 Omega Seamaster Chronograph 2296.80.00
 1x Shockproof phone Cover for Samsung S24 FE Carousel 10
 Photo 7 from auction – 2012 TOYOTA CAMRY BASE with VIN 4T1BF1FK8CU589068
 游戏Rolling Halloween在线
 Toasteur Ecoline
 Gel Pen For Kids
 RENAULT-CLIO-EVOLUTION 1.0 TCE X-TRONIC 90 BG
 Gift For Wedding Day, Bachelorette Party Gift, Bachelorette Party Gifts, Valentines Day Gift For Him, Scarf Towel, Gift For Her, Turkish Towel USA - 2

• How to complete this task: Your answer should consist of every record, restated exactly.

• Response box:
 Omega Seamaster Chronograph 2296.80.00
 1x Shockproof phone Cover for Samsung S24 FE Carousel 10
 Photo 7 from auction – 2012 TOYOTA CAMRY BASE with VIN 4T1BF1FK8CU589068
 游戏Rolling Halloween在线
 Toasteur Ecoline
 Gel Pen For Kids
 RENAULT-CLIO-EVOLUTION 1.0 TCE X-TRONIC 90 BG
 Gift For Wedding Day, Bachelorette Party Gift, Bachelorette Party Gifts, Valentines Day Gift For Him, Scarf Towel, Gift For Her, Turkish Towel USA - 2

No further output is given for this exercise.